= Boeing Duveen and The Beautiful Soup =

Boeing Duveen and the Beautiful Soup was a 1960s British psychedelic rock act. 'Boeing Duveen' was Sam Hutt, a qualified doctor and associate of Pink Floyd who has been described as "the underground community's de facto house doctor" by David Wells, curator of Grapefruit. Hutt later became known for his work in the country and western genre under the name of Hank Wangford.

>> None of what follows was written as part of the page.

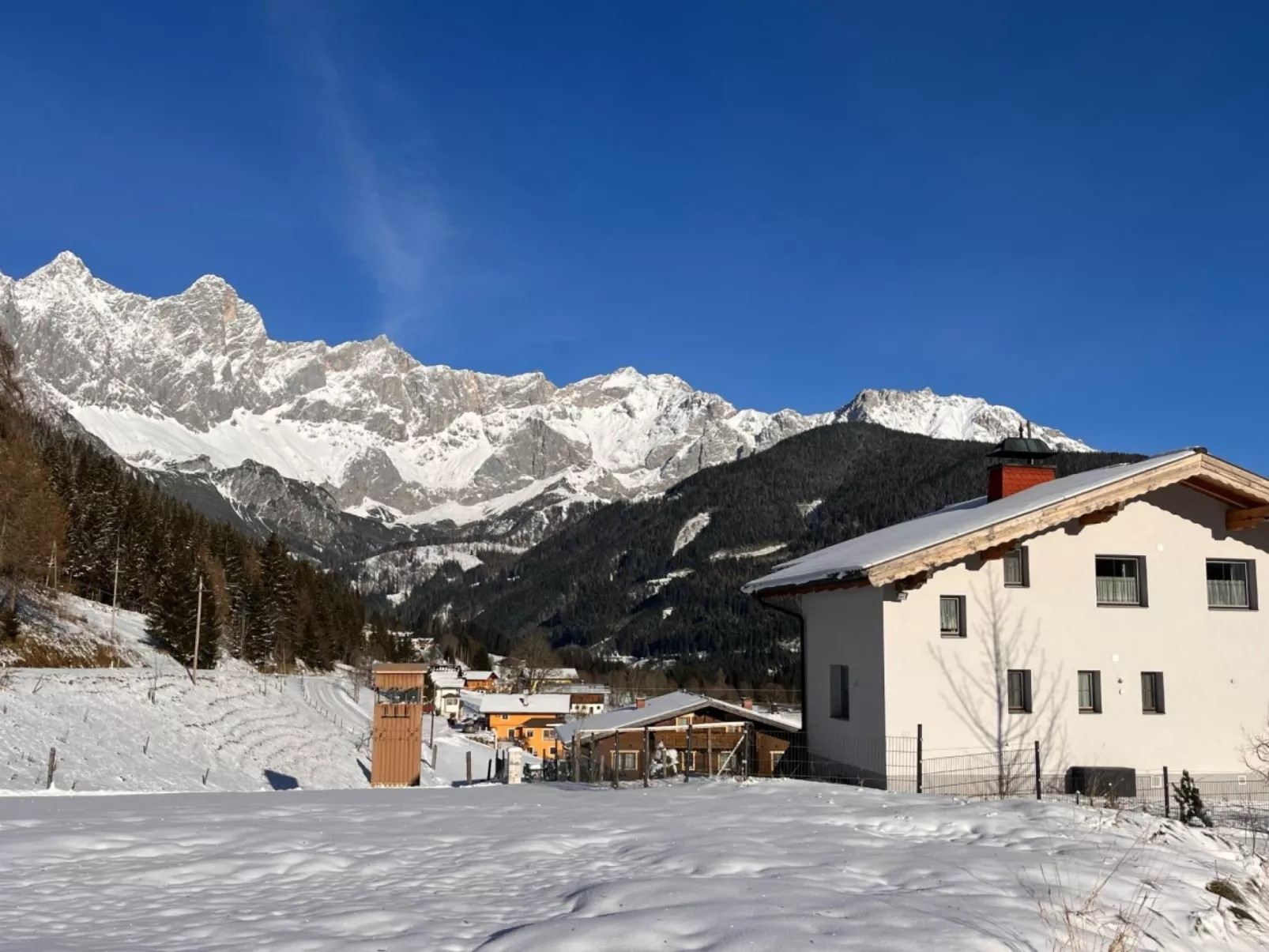 Dachstein Südwand-Buiten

The band released one single on 10 May 1968, "Jabberwock" backed by "Which Dreamed It", on the Parlophone label. The single is one of the earliest productions by Tony Visconti. Both songs' lyrics were adapted from poems from Through the Looking-Glass by Lewis Carroll, and Carroll was credited as co-writer with Hutt. Hutt would later reflect "I'd learnt the guitar in the Fifties, but I couldn't write words". Hutt played sitar on "Which Dreamed It". Initial copies of the single featured a picture sleeve reproducing John Tenniel's original illustration of the Jabberwock. The band's name also comes from a poem by Lewis Carroll, Beautiful Soup, from Alice's Adventures in Wonderland. Both sides of the single were included in the Rubble series - "Jabberwock" in the 14th volume and "Which Dreamed It" in the 20th. The single is included in David Wells' 2005 book Record Collector 100 Greatest Psychedelic Records.